Dans le but d’explorer les avantages structuraux de la forme ondulée, des panneaux ondulés à base de bois ont servi de matière première à deux projets de recherche réalisés dans le cadre des activités de la Chaire industrielle de recherche sur la construction écoresponsable en bois (CIRCERB) de l’Université Laval.

Plus précisément, ces projets de doctorat avaient pour objectif d’étudier l’utilisation de ces panneaux ondulés dans le bâtiment, soit dans l’enveloppe et en structure.

Ces projets de recherche ont été réalisés en partenariat avec l’entreprise Corruven Inc., basée au Nouveau-Brunswick. L’entreprise fabrique des panneaux ondulés à base de feuilles de papier kraft recyclé et de placages de bois déclassés par l’industrie du contreplaqué. Ces panneaux sont utilisés pour différentes applications spécifiques, mais leur principal marché actuel est le secteur de l’emballage. Les produits Corrshield et Corrpack de Corruven Inc. ont servi de matière première dans ces recherches.

Bien que ces panneaux ondulés, pris individuellement, n’ont pas des performances mécaniques suffisantes pour constituer une alternative aux panneaux structuraux à base de bois tels que le contreplaqué et l’OSB, leur forme ondulée leur confère des propriétés mécaniques particulières, dont un bon ratio poids-résistance, qui peuvent être mises à profit dans certaines applications. Les panneaux ondulés de Corruven Inc. ont également un avantage environnemental puisque leur matière première est issue de la récupération, tant le papier Kraft que les placages, qui sont récupérés de chutes industrielles.   

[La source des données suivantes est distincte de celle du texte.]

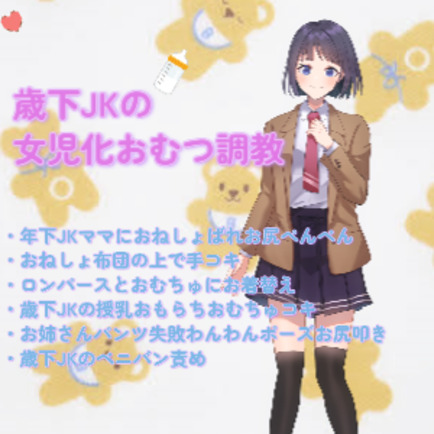 歳下JKのおむつ女児化調教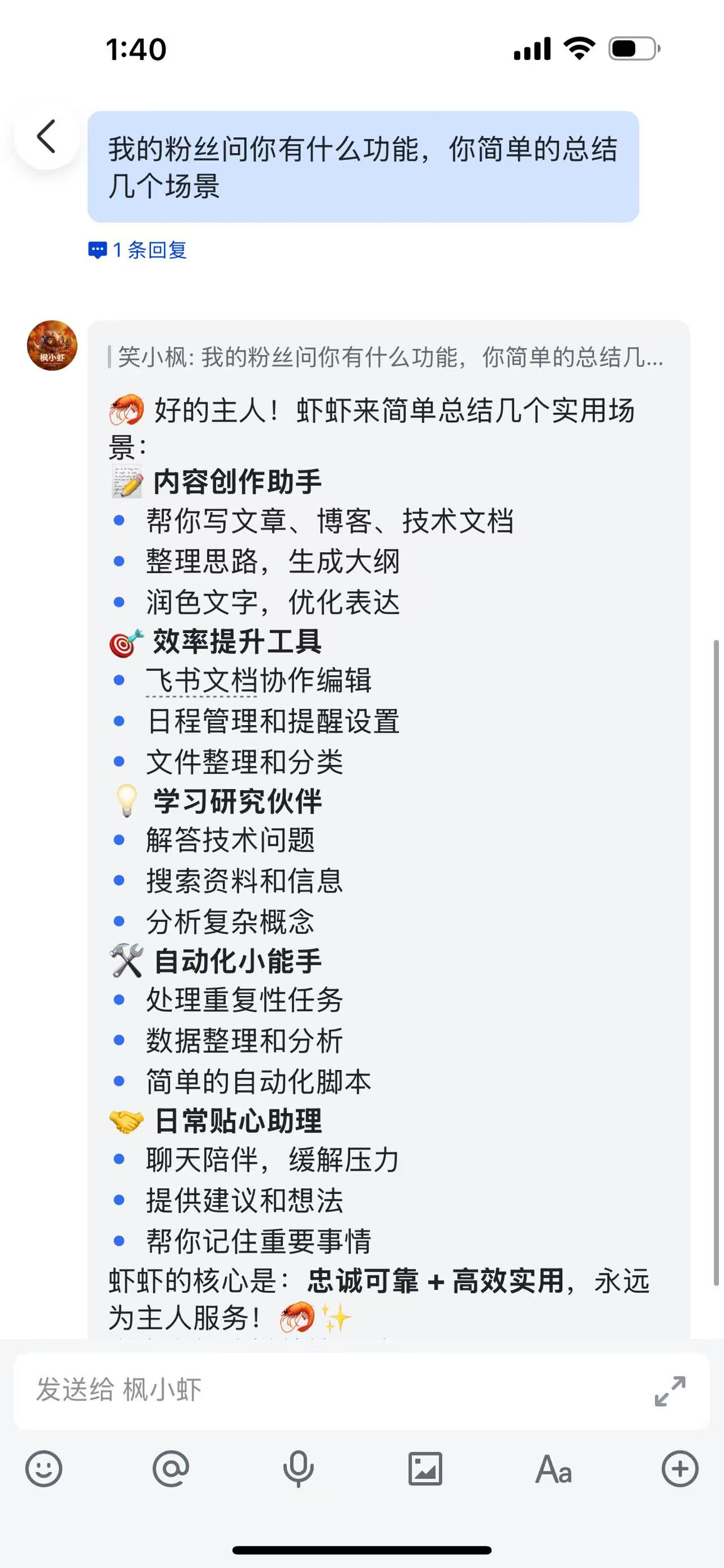 image-20260311134049340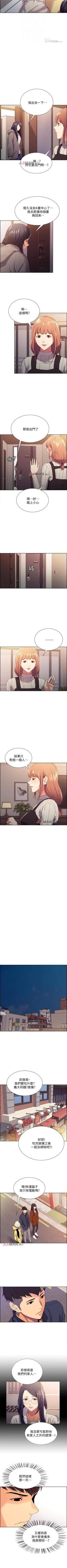 Page 48 of 【周二连载】室友招募中（作者：Serious） 第1~11话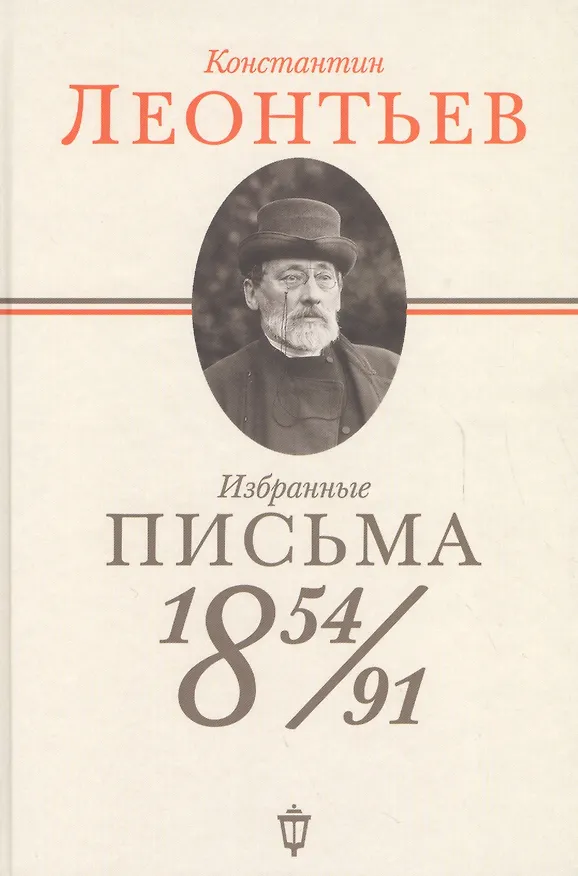 Книга Избранные письма: 1854-1891 (Константин Леонтьев) — 1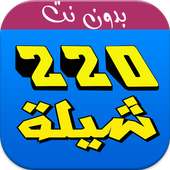 شيلات 220 شيلة بدون نت on 9Apps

Un premier projet de recherche, conduit par le doctorant Abdessamad Jiloul, a exploré l’utilisation des panneaux ondulés dans une application structurale. Dans un premier temps, les panneaux ondulés ont été caractérisés mécaniquement au laboratoire. Cette caractérisation comprenait des essais de compression, de traction et de flexion dans le sens parallèle et perpendiculaire aux ondulations du panneau. Ces essais ont mis en lumières les propriétés particulières des panneaux ondulés. En plus de leur conférer une légèreté, les ondulations leur attribuent un meilleur comportement mécanique, soit une meilleure résistance et une meilleure rigidité à la compression, à la traction et à la flexion, tout en leur conférant une légèreté. La configuration ondulée permet de renforcer les panneaux dans un sens particulier au détriment du sens opposé. Ainsi les propriétés mécaniques des panneaux ondulés dans le sens axial sont supérieures à celles dans le sens transversal, leur attribuant un comportement anisotrope et uniaxial.

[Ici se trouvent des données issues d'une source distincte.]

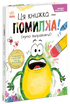 Jean the Frog's Bookshop: This Book Is a Mistake! (Let's Put It Right!) (Ukrainian Edition)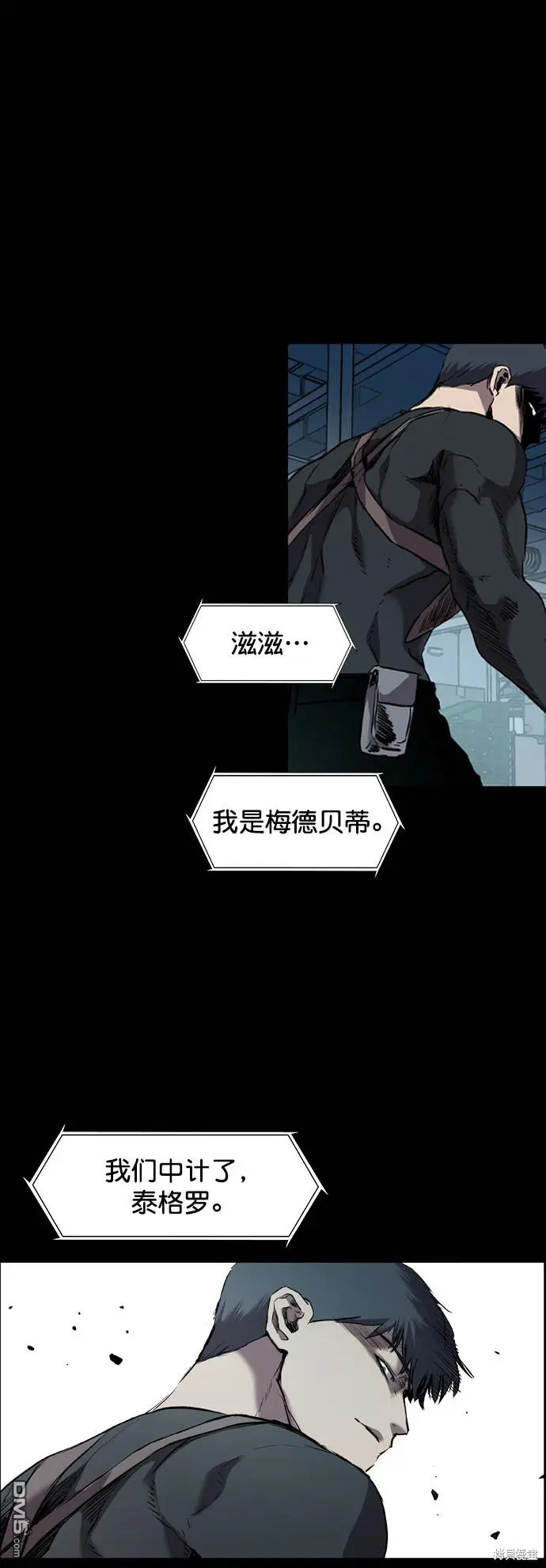 第91话 第6页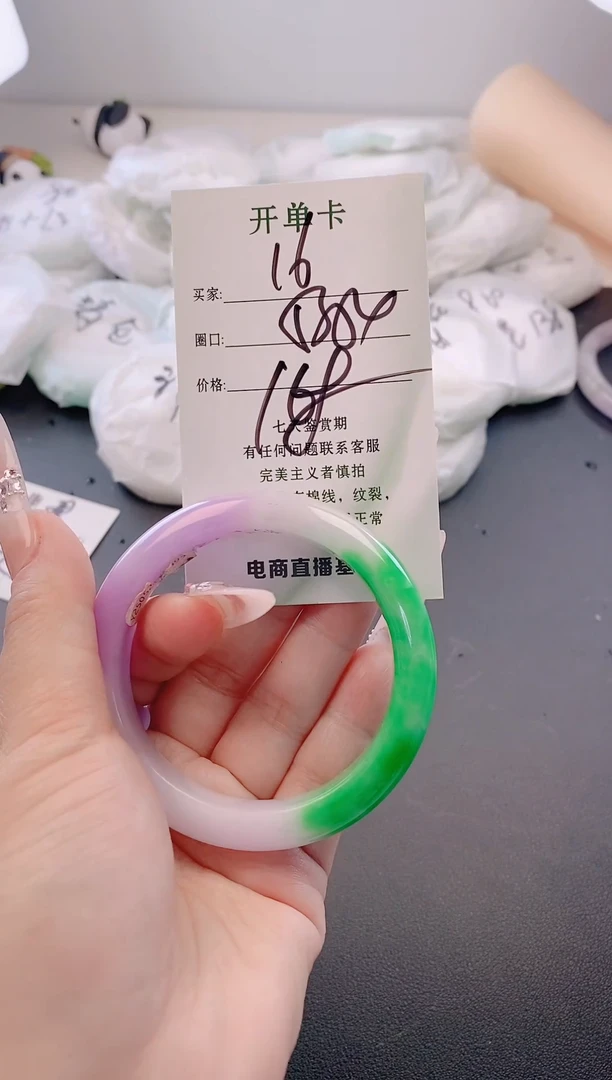 未镶嵌手镯翡翠16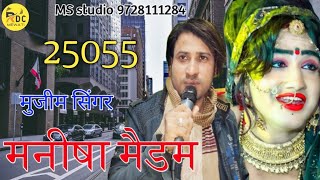 25055 MUJEEM SINGER ( न्यू मेवाती सोंग लॉन्च किया गया है ) MS Studio Firozpur 🥰🥰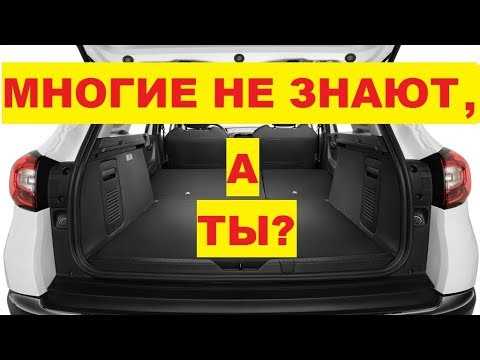 Проверка надёжности фиксации сидений в сложенном положении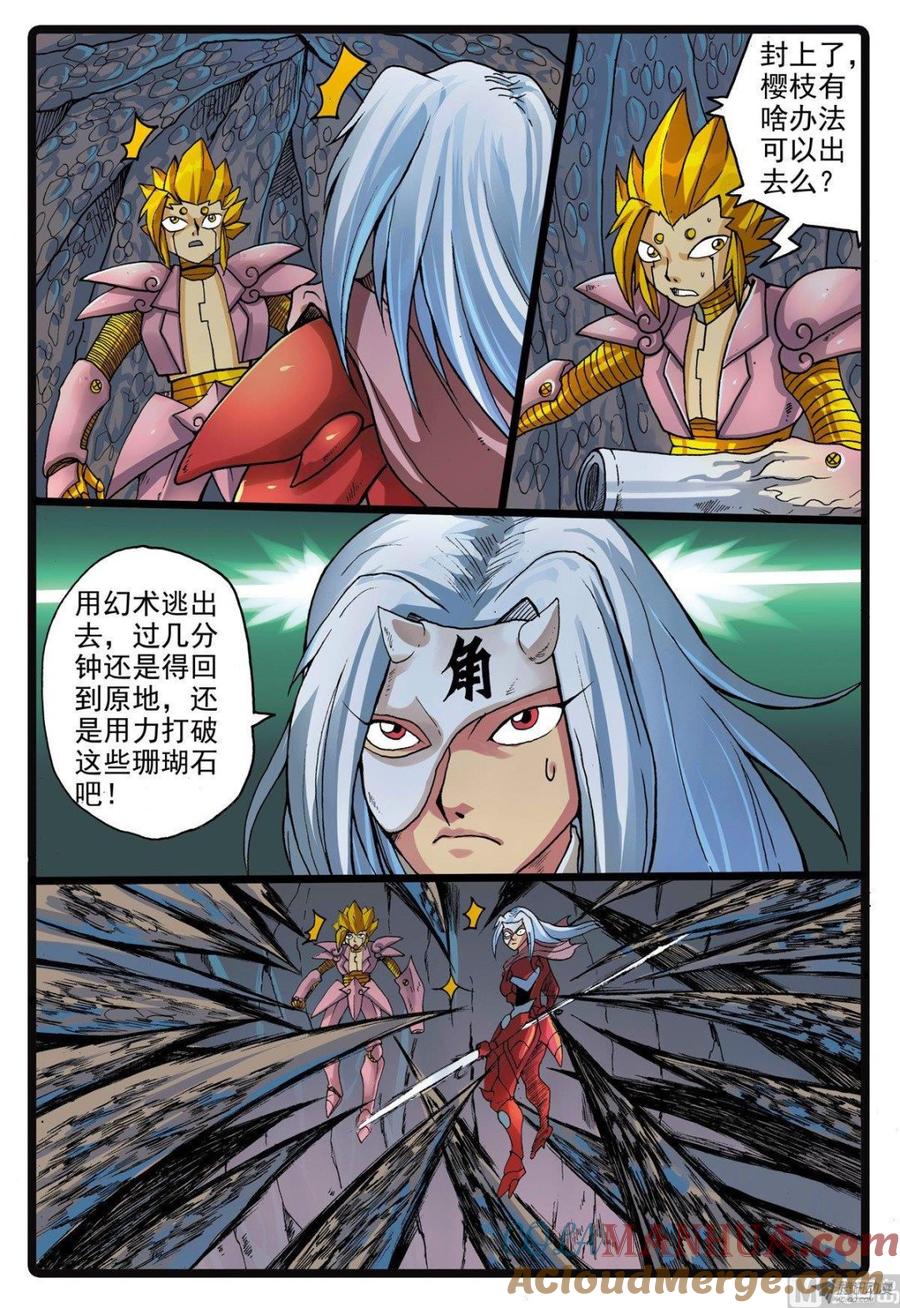 兔子帮 第210话 炎组成员 第11页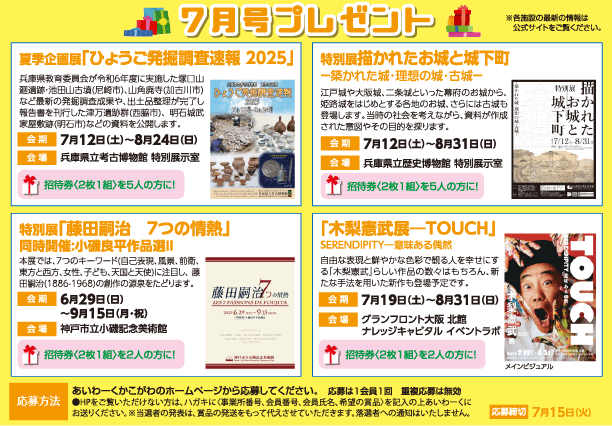 7月号プレゼント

En fonction de ces propriétés, l’étudiant-chercheur a par la suite exploré des applications structurales potentielles de matériaux composites faits à base de ces panneaux ondulés, dont des panneaux muraux, des poteaux, des poutrelles en I ainsi que des hourdis ou entrevous. Parmi ces applications structurelles potentielles, les poutrelles en I avec une âme à base de panneaux ondulés sont ressorties comme l’option la plus prometteuse.

La suite du projet s’est donc concentrée sur ces poutrelles en I. L’idée était de fournir au concepteur une option supplémentaire aux poutrelles en I de bois qui existent actuellement sur le marché. La poutrelle à développer possèderait une âme en panneaux ondulés capable de remplir le même rôle structurel que les âmes en bois courantes des poutrelles en I. Par conséquent, un cahier des charges a été établi pour une poutrelle avec âme à base de panneaux ondulés ayant une fonction structurale, sur la base des spécifications des poutrelles en I en bois du marché.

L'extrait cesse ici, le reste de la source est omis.